Work instruction - Using the entries below, restate word for word only the lines from the one with "Ледяные фигуры на Стрелке 2022 год" to the final line, leaving the pictures out.

Records for this exercise -

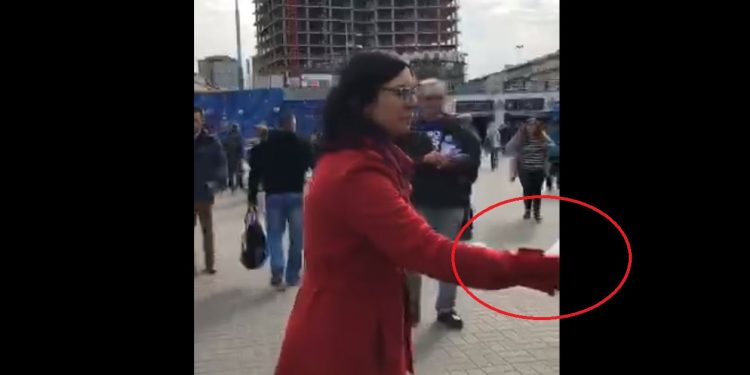 Gasiuk-Pihowicz rozdawała ulotki. „Nie chwaliłbym się tym filmikiem”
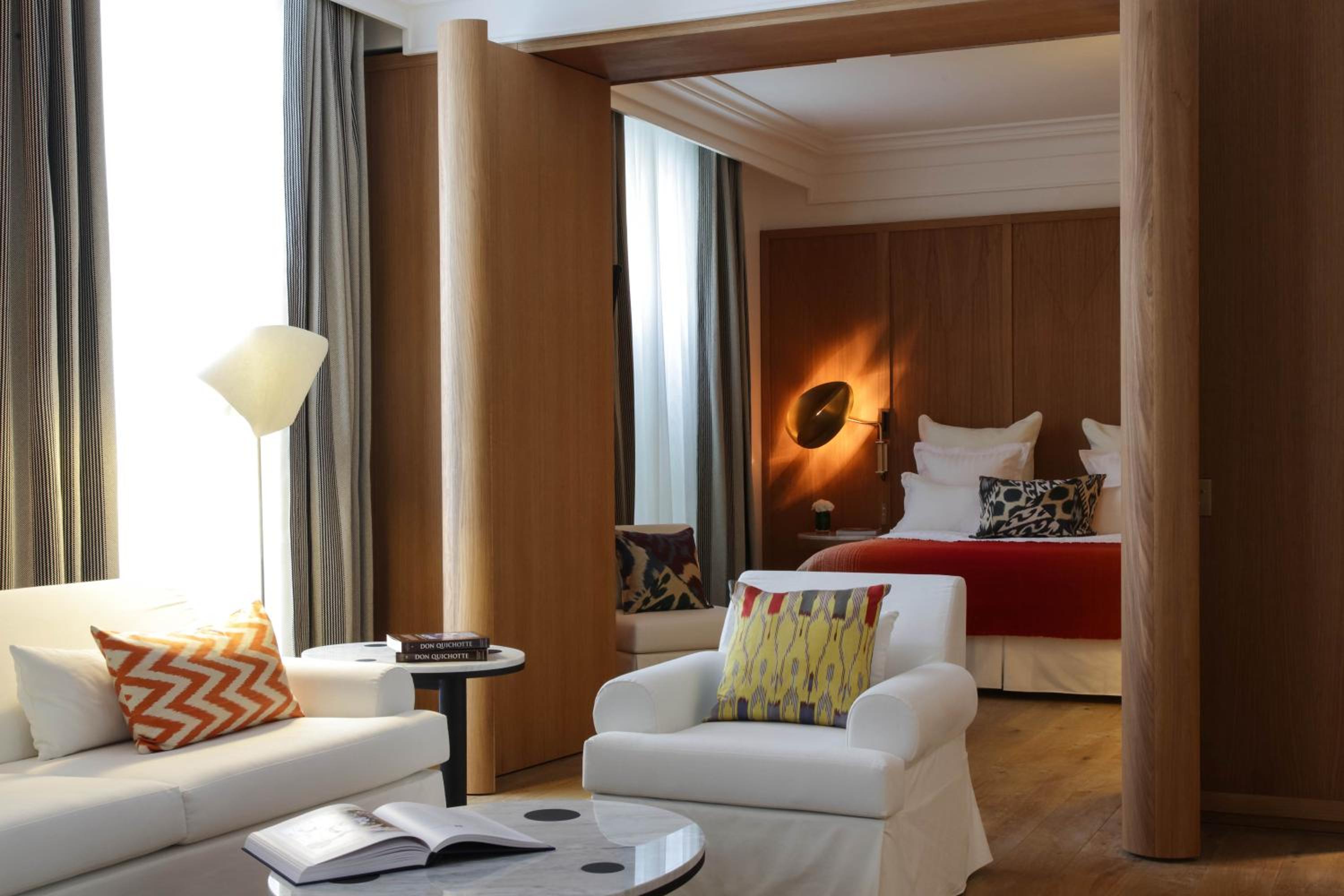 Prestige Suite (Non Smoking)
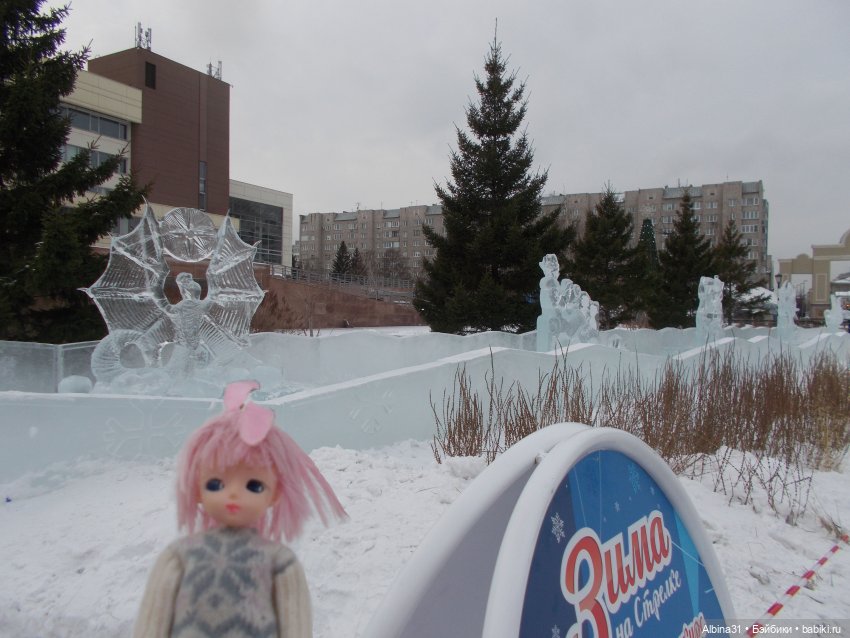 Ледяные фигуры на Стрелке 2022 год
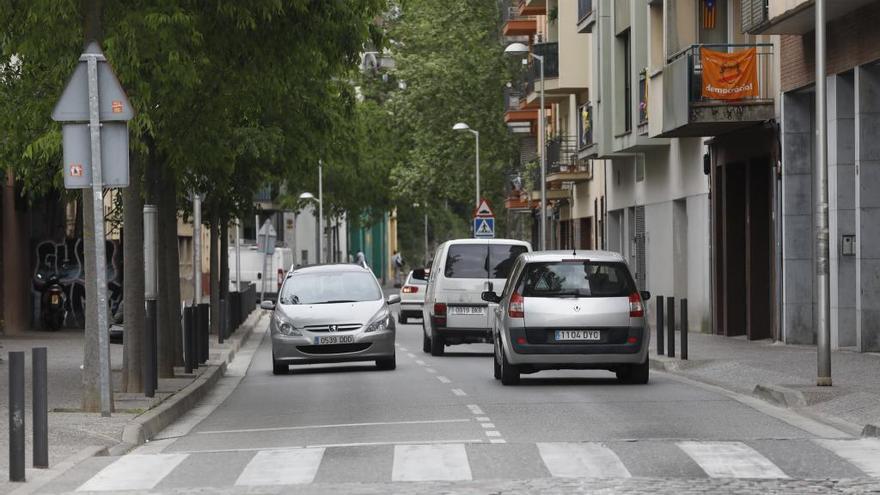 El carrer del Carme de Girona serà compartit per cotxes i bicis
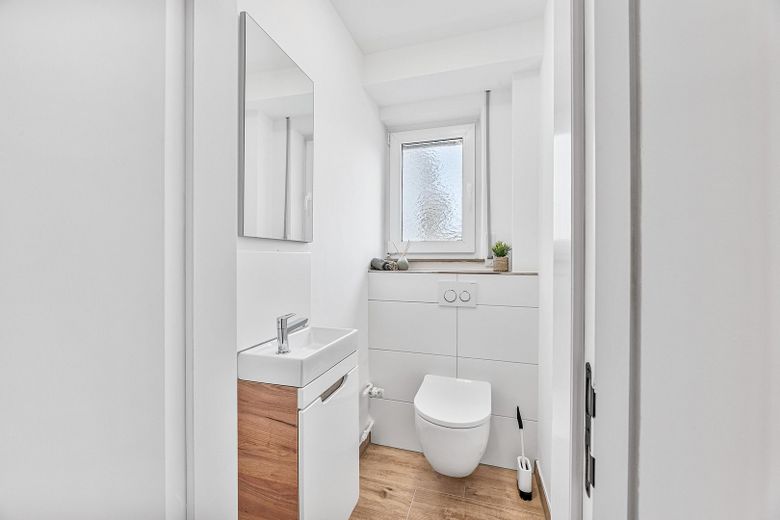 Bez prowizji: Nowoczesne mieszkanie blisko Starego Miasta – 3 pokoje, nowa kuchnia, 2 balkony i miejsce w garażu podziemnym – WC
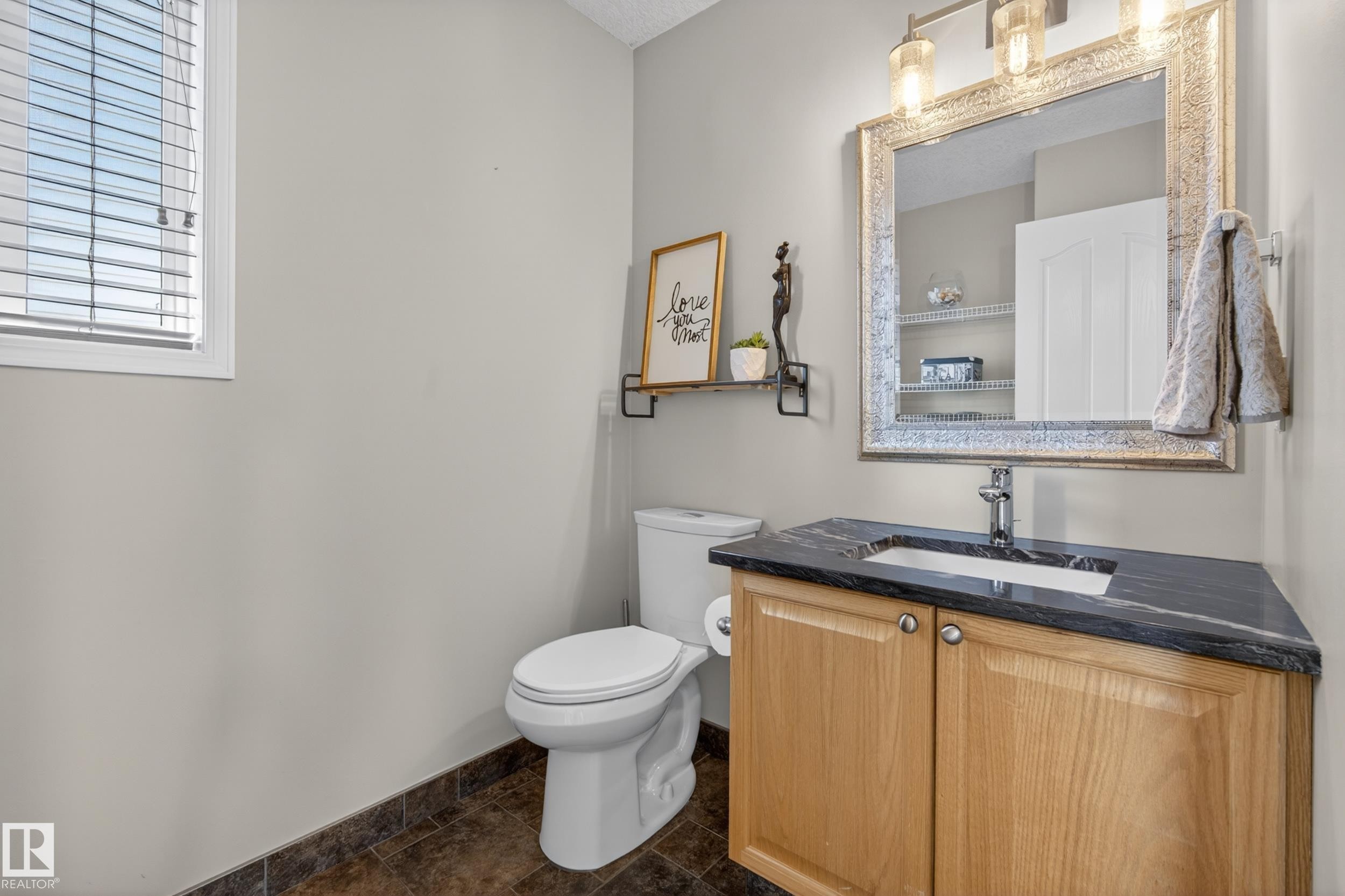 339 Foxboro Drive, Sherwood Park, AB - Indoor Photo Showing Bathroom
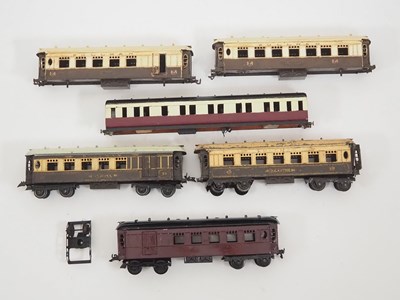 Lot 600 - A group of HORNBY O gauge No 2 special Pullman...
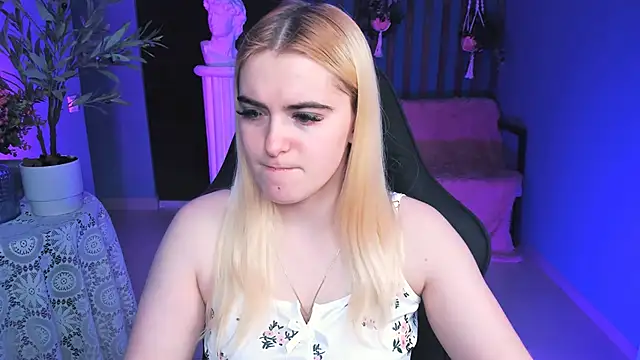 Stef Nicks online show from 12/01/25, 09:10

Problem solution -
 Ледяные фигуры на Стрелке 2022 год
 El carrer del Carme de Girona serà compartit per cotxes i bicis
 Bez prowizji: Nowoczesne mieszkanie blisko Starego Miasta – 3 pokoje, nowa kuchnia, 2 balkony i miejsce w garażu podziemnym – WC
 339 Foxboro Drive, Sherwood Park, AB - Indoor Photo Showing Bathroom
 Lot 600 - A group of HORNBY O gauge No 2 special Pullman...
 Stef Nicks online show from 12/01/25, 09:10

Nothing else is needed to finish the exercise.